TW: What are some key issues with the fashion industry’s overall sustainability performance?

Grogan: Some of the most concerning issues linked to the fashion industry largely stem from overproduction, overextraction, and overconsumption of resources and materials. The fashion industry as a whole must seriously rethink its relationship with the natural world, specifically its resource overuse which is not only leading to natural capital depletion, but also exponential volumes of unmanageable and polluting waste. Most fast fashion clothing is produced with planned and perceived obsolescence in mind, meaning that thanks to fleeting trends and poor-quality materials, they are prematurely disposed of to make way for new trendy garments. Many of today’s production and consumption patterns have become detached from earth’s natural systems. If we are to secure a sustainable future, we need to depart form linear take-make-dispose models to technically and biologically circular models where materials can biodegrade or be recycled at the end of use.
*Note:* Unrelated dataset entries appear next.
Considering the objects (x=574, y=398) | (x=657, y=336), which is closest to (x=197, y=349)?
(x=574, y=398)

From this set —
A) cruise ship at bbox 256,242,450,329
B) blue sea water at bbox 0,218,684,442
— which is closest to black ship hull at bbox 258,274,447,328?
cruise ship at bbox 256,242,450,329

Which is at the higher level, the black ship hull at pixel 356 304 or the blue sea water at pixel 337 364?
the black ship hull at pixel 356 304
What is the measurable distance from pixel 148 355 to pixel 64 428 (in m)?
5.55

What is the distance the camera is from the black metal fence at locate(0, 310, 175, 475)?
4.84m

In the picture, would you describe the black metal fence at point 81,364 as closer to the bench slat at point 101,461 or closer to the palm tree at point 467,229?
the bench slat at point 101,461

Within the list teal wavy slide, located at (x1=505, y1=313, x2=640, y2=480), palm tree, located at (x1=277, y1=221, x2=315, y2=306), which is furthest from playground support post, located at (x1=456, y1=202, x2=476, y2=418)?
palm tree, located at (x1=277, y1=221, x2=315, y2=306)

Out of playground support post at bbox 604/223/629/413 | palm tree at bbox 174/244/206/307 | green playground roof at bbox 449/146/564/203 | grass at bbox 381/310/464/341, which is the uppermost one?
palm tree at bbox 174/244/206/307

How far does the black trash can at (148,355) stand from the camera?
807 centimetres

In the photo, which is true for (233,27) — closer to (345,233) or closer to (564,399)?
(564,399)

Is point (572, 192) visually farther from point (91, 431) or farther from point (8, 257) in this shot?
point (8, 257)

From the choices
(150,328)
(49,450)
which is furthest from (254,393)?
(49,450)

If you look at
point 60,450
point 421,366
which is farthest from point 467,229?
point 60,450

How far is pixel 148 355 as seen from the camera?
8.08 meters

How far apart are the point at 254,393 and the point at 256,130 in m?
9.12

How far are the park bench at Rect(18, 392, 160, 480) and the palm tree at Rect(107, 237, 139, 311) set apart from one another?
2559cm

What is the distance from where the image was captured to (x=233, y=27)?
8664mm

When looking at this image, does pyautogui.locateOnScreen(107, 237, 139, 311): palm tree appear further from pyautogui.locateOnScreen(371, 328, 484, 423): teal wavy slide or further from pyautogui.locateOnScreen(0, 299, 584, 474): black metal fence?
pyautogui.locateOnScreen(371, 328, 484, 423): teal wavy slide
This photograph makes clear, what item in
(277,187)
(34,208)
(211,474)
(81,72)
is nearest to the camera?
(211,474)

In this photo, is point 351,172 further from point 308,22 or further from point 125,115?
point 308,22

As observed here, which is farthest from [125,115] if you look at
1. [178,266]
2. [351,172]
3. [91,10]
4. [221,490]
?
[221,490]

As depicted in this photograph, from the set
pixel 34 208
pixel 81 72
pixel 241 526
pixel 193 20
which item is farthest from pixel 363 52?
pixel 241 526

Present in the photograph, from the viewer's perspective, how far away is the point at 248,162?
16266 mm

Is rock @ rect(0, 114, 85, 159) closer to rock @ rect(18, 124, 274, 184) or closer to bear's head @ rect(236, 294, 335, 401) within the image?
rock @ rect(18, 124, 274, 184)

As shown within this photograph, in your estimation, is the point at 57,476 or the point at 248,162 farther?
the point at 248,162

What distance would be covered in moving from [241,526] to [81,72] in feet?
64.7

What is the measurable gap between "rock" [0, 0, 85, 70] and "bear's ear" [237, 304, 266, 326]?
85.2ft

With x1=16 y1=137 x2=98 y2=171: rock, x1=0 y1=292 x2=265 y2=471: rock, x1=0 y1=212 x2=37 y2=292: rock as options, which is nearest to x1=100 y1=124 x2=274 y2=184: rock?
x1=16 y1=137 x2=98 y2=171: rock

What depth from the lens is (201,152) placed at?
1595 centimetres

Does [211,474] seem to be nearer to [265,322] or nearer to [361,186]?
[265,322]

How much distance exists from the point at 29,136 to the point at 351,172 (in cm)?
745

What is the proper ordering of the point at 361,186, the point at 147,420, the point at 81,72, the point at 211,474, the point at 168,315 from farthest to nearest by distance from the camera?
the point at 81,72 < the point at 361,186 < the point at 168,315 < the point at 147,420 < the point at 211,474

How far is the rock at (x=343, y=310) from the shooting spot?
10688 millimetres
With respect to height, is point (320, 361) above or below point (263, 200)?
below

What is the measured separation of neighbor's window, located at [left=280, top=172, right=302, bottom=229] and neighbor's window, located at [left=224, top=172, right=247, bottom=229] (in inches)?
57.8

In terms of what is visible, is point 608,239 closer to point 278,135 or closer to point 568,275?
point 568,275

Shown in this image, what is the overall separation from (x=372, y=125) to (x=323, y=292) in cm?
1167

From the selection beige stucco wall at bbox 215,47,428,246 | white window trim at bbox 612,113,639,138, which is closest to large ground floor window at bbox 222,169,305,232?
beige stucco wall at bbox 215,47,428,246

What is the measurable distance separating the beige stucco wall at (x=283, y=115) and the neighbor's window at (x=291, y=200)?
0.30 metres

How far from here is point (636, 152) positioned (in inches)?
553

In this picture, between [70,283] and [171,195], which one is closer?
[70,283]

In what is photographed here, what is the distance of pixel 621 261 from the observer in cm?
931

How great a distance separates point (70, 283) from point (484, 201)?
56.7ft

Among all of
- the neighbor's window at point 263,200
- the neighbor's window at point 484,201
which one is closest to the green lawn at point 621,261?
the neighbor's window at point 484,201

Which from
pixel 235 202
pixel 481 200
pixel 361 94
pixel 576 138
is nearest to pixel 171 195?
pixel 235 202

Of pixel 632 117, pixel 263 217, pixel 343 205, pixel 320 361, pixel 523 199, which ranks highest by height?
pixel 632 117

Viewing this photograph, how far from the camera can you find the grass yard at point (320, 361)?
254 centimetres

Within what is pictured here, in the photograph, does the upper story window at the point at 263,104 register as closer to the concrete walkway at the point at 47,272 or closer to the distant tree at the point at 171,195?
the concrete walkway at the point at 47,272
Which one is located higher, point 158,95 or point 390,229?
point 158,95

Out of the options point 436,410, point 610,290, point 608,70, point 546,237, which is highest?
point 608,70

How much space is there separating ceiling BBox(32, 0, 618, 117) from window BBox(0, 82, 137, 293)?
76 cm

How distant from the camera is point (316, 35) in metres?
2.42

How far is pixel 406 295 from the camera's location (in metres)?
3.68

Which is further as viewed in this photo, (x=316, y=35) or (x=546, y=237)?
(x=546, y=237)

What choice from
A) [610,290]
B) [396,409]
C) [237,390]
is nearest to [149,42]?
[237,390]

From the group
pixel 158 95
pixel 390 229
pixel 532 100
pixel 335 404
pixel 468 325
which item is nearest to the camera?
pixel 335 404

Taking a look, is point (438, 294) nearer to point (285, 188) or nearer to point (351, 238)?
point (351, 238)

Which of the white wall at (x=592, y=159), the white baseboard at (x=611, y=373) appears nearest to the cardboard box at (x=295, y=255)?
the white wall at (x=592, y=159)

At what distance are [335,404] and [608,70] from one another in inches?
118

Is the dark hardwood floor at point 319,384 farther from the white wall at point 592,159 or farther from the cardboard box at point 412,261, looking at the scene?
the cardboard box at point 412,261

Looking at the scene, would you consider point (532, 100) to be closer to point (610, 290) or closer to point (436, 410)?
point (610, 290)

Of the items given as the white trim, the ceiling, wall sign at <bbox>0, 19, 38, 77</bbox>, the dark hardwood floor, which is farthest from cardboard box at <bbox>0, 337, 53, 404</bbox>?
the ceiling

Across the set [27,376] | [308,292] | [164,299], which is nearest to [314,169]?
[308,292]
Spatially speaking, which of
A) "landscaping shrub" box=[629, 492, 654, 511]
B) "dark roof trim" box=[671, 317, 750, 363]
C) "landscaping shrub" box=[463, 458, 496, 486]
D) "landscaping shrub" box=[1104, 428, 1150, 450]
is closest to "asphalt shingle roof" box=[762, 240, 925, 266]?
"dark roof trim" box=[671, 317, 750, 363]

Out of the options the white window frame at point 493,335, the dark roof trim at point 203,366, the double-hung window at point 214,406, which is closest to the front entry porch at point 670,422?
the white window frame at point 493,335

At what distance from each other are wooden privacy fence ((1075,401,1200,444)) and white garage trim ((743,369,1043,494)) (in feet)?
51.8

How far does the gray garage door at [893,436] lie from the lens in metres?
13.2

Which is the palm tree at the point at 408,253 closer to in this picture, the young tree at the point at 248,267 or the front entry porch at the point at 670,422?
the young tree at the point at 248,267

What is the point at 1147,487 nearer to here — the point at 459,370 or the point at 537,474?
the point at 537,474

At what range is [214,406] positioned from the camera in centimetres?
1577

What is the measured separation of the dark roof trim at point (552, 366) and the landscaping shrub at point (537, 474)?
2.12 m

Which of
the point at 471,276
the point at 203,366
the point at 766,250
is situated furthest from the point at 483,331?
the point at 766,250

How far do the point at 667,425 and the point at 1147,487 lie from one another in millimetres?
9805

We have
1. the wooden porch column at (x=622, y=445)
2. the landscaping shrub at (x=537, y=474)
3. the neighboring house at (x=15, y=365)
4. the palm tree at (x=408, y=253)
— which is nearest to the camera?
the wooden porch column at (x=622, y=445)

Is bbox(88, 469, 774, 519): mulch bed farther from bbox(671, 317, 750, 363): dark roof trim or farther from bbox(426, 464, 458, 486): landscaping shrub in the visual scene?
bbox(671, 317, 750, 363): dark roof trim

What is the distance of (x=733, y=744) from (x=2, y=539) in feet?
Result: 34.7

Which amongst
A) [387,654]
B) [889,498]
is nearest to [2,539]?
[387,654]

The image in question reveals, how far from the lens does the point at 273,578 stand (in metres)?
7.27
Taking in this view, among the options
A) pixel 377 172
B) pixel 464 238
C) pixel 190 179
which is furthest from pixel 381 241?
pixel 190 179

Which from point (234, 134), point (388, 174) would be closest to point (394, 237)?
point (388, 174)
Another key issue faced by the fashion industry is the human rights and remuneration of those working in upstream supply chains, such as manufacturers and producers. Fashion’s long, complex, and globalized supply chains result in traceability issues, and it is challenging to monitor conditions, let alone ensure everyone is treated fairly and paid a living wage. This needs to be put firmly on fashion’s agenda.

TW: What is the role of market regulators and policymakers in the fight against greenwash?

Grogan: Greenwashing is everywhere. We have seen a recent shift in market regulator scrutiny of sustainability claims, with many nations’ advertising watchdogs screening brand’s sustainability claims and outlining proposed sanctions for those found greenwashing. It is now so widespread and wields such damaging potential, the only way of combatting it, sadly, is through legislation and regulation on claims.

TW: Is there a need for standardized rules for using sustainable terms in the fashion industry?

Grogan: We can no longer rely on company’s self-improvement initiatives. Government-led sustainability claim regulations are instrumental for unifying global sustainability language and driving real industry change. If earth’s declining ecological health is not incentive enough for our industry to produce sustainably and communicate ethically, then we must involve legal and financial incentives.